Kanlı örgütün tek felsefesi: ŞİDDET
Önceki gün İstanbul Çağlayan Adliyesi’nde Savcı Mehmet Selim Kiraz’ı şehit eden, dün de İstanbul Emniyet Müdürlüğü’ne saldırı düzenleyen DHKP-C terör örgütü yeniden gündemde. Peki örgüt nasıl doğdu, dünü bu günü... Tüm yönleriyle DHKP-C gerçeği...
Kurucusu Dursun Karataş’ın hayatını kaybetmesinden sonra dağılma noktasına gelen DHKP-C’nin tarihi kanlı suikastlerle dolu. Nihat Erim (Türkiye Cumhuriyeti tarihinde öldürülen tek başbakan), Gümrük ve Tekel Bakanı Gün Sazak, Sakıp Sabancı’nın kardeşi Özdemir Sabancı…
Tüm bu suikastlerin arkasında DHKP-C vardı.
DHKP-C’NİN KÖKENLERİ MAHİR ÇAYAN’A DAYANIYOR
1970’de Mahir Çayan’ın öncülüğünde kurulan Türkiye Halk Kurtuluş Partisi-Cephesi (THKP-C), Türkiye’de örgütlü ve sistemli olarak hareket eden ve şiddeti esas alan temel yapı görünümdeydi. Çayan ve arkadaşlarının kurduğu bu yapı; örgütlenme, hiyerarşi ve eylem stratejilerinde Latin Amerika ülkelerindeki sol-devrimci örgütlenmeleri örnek almıştır.

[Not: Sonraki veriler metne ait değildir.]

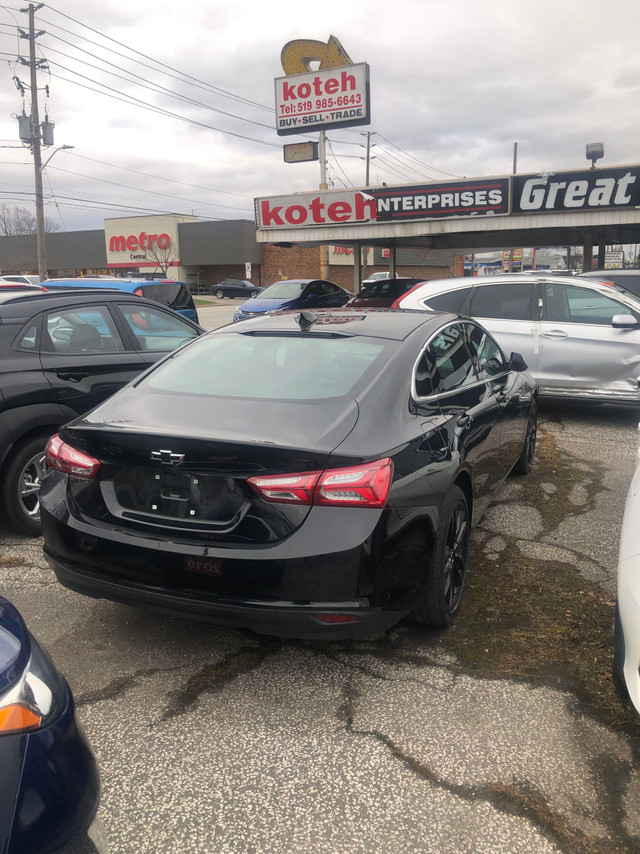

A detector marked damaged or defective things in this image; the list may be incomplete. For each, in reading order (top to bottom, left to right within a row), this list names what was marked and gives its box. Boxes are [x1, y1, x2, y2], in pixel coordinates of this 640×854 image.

cracked pavement [1, 402, 640, 854]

THKP-C ve türevlerinin hedefi, devlet sisteminin ortadan kaldırarak, yerine işçi sınıfının önderliğinde Marksist-Leninist bir yapı kurmaktı.
Bu bakış açısı dönemin Kürtçü-Sol gruplarında da hissediliyor, o dönemde Ankara Siyasal Bilgiler Fakültesi olan Abdullah Öcalan da Çayan’ın konuşmalarından ve THKP-C’nin faaliyetlerinden etkileniyordu.
Devrimin şehirlerde başlayıp daha sonrasında kırsal kesime yayılacağını savunan THKP-C kendisinden sonra gelen birçok sol terör grubuna yakından etkilemiştir, tıpkı DHKP-C gibi…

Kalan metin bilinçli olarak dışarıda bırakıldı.